A logo is one of the most important elements of visual communication, which contains the key characteristics of corporate identity. Studies show that more than 60% of consumers associate logos with the quality of goods and services provided by the brand, so the importance of visual identity for business cannot be underestimated. And here we must not forget about safety, and understand all the nuances of both the legal use of other people’s logos, and the legal protection of your trademark.
A logo is an object created by creative labor, so it is protected by copyright. An organization can register a logo as a trademark and obtain the right to use the designation to identify the business. At the same time, the designer retains the copyright to the logo, unless otherwise agreed in the contract.
In this article we have tried to highlight as clearly as possible the most important points and pitfalls related to the legal use of logos, drawing your attention to what is really important to know.
Key Legal Aspects
Logo Copyright
Copyright arises for the logo developer at the moment of logo creation. There is no legal requirement to register or perform any special actions to activate protection. Copyright works worldwide for the life of the author and 70 years after his death. Protecting a logo with copyright does not mean that it must be registered. It is sufficient to obtain official proof of authorship by means of an escrow.

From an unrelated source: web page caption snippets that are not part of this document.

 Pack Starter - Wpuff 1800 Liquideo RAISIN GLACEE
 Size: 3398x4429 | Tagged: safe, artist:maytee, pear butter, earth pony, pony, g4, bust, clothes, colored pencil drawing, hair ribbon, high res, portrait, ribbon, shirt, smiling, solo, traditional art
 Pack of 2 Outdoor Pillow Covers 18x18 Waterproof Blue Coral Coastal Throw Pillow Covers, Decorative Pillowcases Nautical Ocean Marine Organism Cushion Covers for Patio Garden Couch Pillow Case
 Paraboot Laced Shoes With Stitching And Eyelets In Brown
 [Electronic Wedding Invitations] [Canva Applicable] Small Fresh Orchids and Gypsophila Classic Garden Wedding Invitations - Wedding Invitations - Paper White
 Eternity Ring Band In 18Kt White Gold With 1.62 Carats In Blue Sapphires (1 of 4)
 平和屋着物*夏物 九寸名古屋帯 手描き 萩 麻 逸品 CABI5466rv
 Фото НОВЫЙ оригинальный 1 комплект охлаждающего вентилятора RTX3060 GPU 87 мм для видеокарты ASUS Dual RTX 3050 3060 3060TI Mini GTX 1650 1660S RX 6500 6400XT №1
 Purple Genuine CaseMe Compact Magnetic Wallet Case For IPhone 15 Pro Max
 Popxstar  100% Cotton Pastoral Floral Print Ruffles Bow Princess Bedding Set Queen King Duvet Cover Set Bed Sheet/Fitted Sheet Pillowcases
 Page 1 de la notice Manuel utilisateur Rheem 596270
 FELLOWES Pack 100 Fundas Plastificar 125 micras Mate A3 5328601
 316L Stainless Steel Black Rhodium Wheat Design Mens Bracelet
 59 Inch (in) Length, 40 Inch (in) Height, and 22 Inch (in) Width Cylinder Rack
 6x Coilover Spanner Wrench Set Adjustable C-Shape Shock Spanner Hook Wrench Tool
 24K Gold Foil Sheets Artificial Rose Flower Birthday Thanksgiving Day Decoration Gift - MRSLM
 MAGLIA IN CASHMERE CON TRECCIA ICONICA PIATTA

A contract is usually concluded between the designer and the entrepreneur, which specifies that the exclusive rights are alienated in full and transferred from the author to the customer. A transfer is necessary to legally use the logo. If a designer creates a logo as part of their employment duties, as a general rule, the exclusive rights belong to the client, unless otherwise provided.
Logo Registration
It is quite logical that a question may arise as to why a logo should be registered at all, if the client already has the rights to use it. The fact is that copyright law protects only against copying, i.e. against exact reproduction. If a competitor uses a similar logo, the claims will be unfounded. Copyright law protects against “re-works”, and it is difficult to prove that the logo was taken as a basis. But when registering a trademark, it is possible to prohibit the use of even similar designations.
Entry in the register of trademark means that the exclusive rights are acquired by the company, and the copyright also remains with the designer. But the possibilities of the right holder are expanding. A certificate from a government agency is conclusive evidence, unlike a contract.
To register a logo, it must first of all be unique, i.e. there are no similar pictorial or combined trademarks in the register; and it must comply with the legal requirements (requirements may vary from country to country).
Top 3 Mistakes in Logo Registration
Trademark registration has many nuances that only intellectual property specialists know about. But knowing what to pay attention to, you will be able to avoid the most common mistakes, because they are costly: this is lost time, wasted money and ruined nerves.
- Unwillingness to conduct a preliminary search for similarity and identity among already registered trademarks and applications for registration before filing an application for state registration of your trademark.
- The second most important mistake is the neglect of legislative norms when registering a trademark. Before applying for registration it is necessary to familiarize yourself with all the documentary and technical requirements.
- Well, the most important mistake that the entrepreneur is able to make regarding trademarks – it is unwillingness to register your own trademark. In addition to all the advantages of owning your own trademark, one of the most important motives for entrepreneurs is the desire to have the rights to a completely unique trademark and proudly mark their goods and services with their own exclusive image.
Key Usage Aspects
Reasons for Disputes
It would seem that there may be difficulties in using logos. But it is important to understand that the penalty for unauthorized use of another person’s logo or trademark on your website or social media is an extremely heavy fine, and using your logo without your permission can be a cause for legal action.
Apart from copying your logo or its basic elements to create a new emblem, i.e. plagiarism, there are several other reasons for legal proceedings, namely:
- When logo placement is false, inaccurate, or misleading and could cause loss or damage to a company’s business reputation;
- When logo is used inappropriately comparing one company’s products or services with those of a second company;
- When the placement of a logo represents the sale, exchange or other introduction into circulation of goods, works, services;
- When logo placement leads to unfair competition related to the acquisition and use of the exclusive right to the means of individualization of products, works or services.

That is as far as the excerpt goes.